That is undeniable. In September, 19-year-old Bianca Andreescu became the first Canadian to win a grand slam singles title, defeating Serena Williams in the US Open women’s final.
Shapovalov, 20, and his compatriot Felix Auger-Aliassime, 19, who has yet to play in Madrid because of an injury, are in the top 25 of the men’s rankings.
“I imagine we’re going to have quite a few battles with them over the years,” said Mardy Fish, the US captain, who never faced Canada in a Davis Cup because the two countries rarely played in the same Davis Cup division during his career.
The United States must now defeat Italy on Wednesday to have any chance of advancing to the final eight. After being pared down from six groups of three teams, the quarter-final lineup will be made up of the six group winners and the two second-place teams with the best records.
Getting a forfeit in the final doubles match could end up being beneficial if qualification comes down to winning percentage.

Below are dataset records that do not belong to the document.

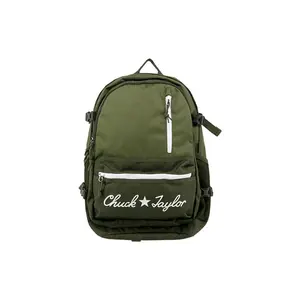 Converse Straight Edge Zipper Logo Polyester Laptop Backpack for Men and Women in Green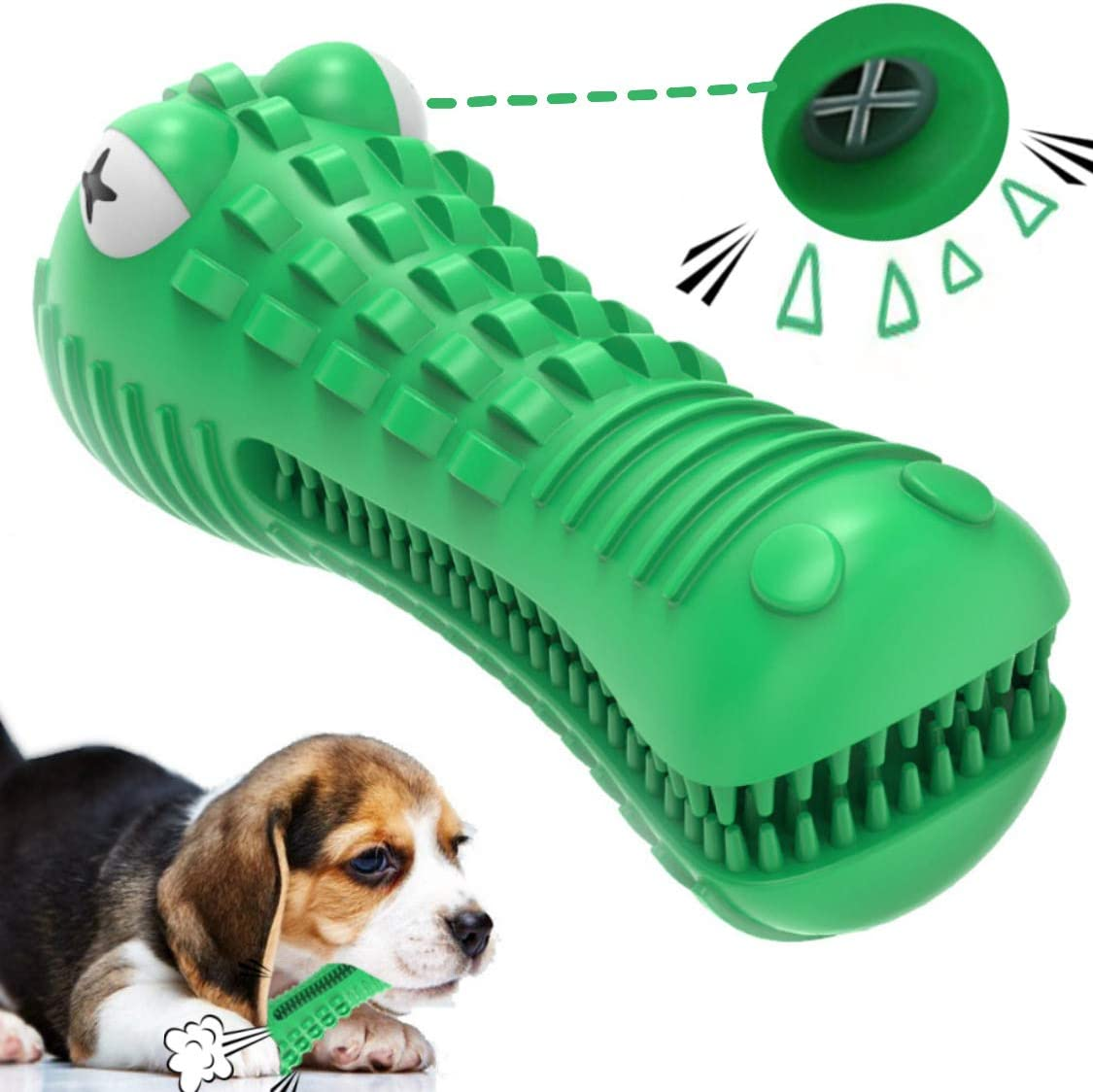 Bestbuy Dog Toothbrush Stick-Puppy Dental Care Brushing Stick Effective Doggy Teeth Cleaning Massager Nontoxic Natural Rubber Bite Resistant Chew Toys for Dogs Crocodile Shape image number 3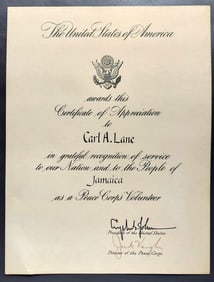 President Lyndon Johnson, Peace Corps Head Jack Vaughn Signatures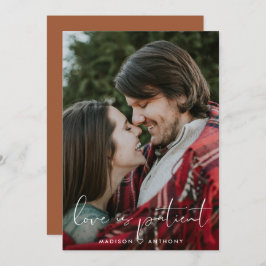 Minimalistisches Terracotta Hochzeitsstichtum Foto Ankündigung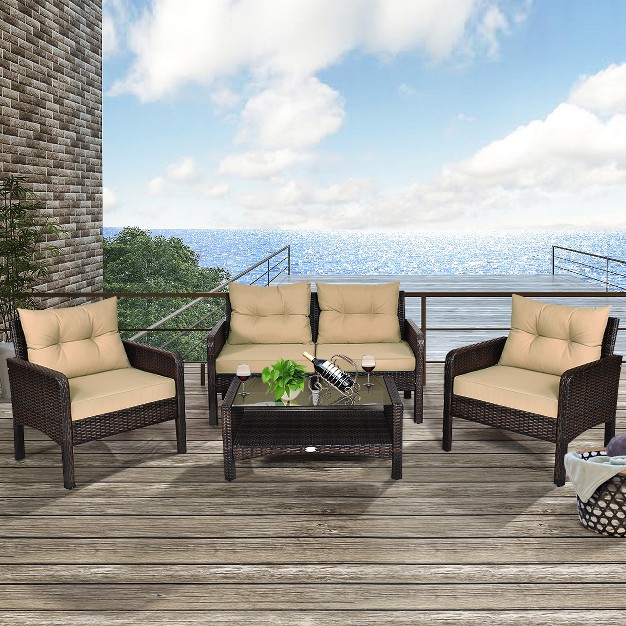 Costway 4pcs Patio Rattan Furniture Set Loveseat Sofa Coffee Table Sofa W cushion Garden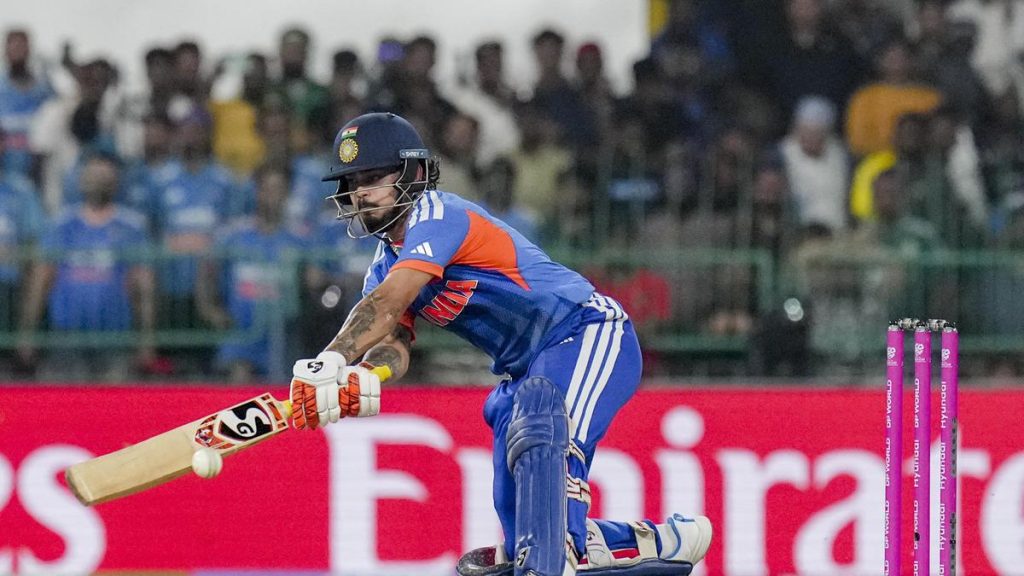 Ishan Kishan batting during India vs Pakistan ICC 2026 match February 15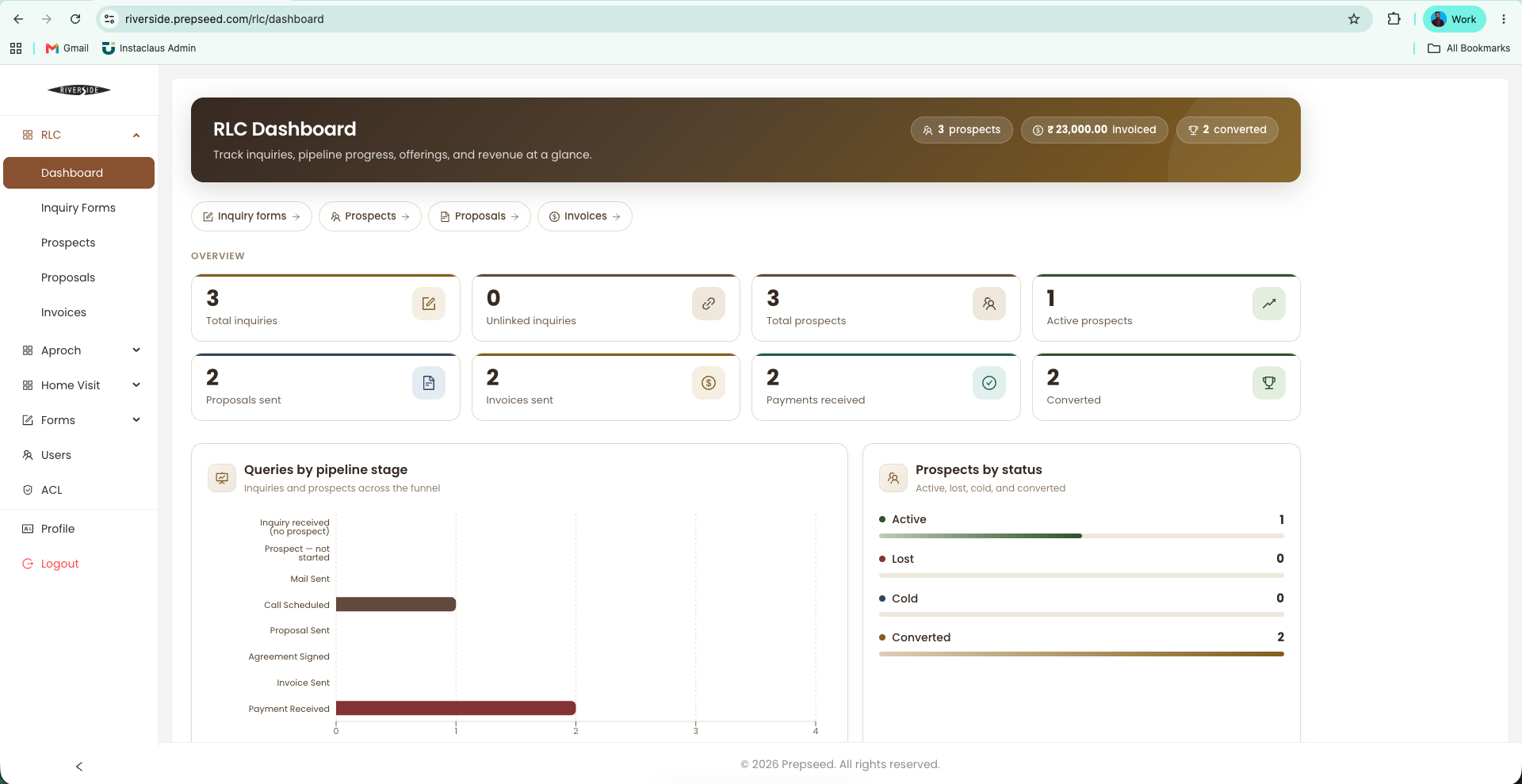 Riverside School Portal — screen 1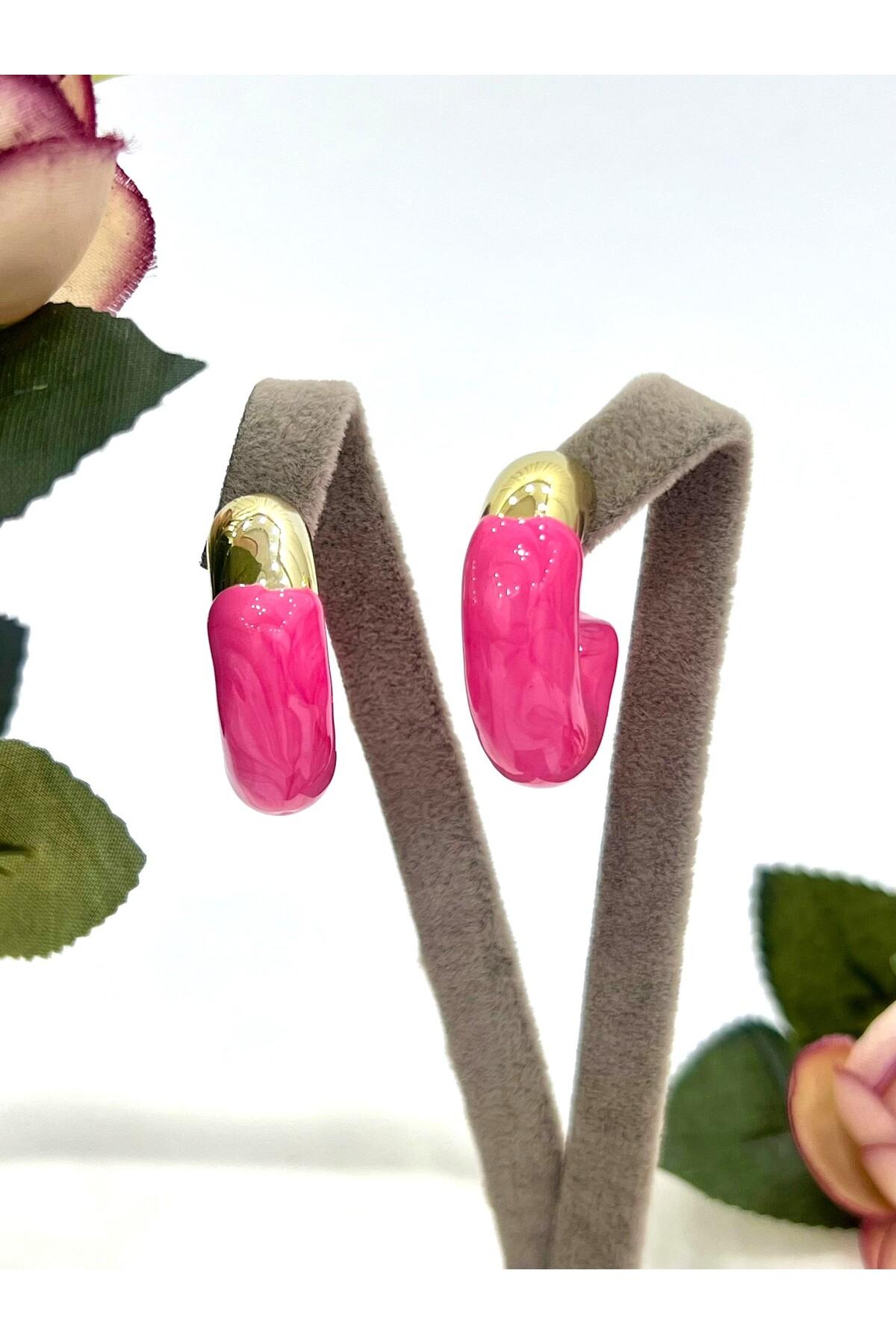 Krem Rengi Pembe Çift Renk Küpe (3x3cm) - Görsel 5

“This is the toughest group, I think, so there’s no easy match, period,” Fish said.
Playing with barely any crowd support does not make it any easier for the Americans, and Davis Cup’s new organisers have much work to do in promoting this event in the United States and elsewhere.
“When it comes down to the fans, there’s just more dedicated tennis fans in Canada,” said Fritz, a 22-year-old Californian, who, like the 22-year-old Opelka, was making his Davis Cup debut. “I’m not going to lie, the US has so many other great sports. Tennis isn’t really the focus.”
But plenty of American fans make the journey to other international tennis events, including Wimbledon, the French Open and the Australian Open.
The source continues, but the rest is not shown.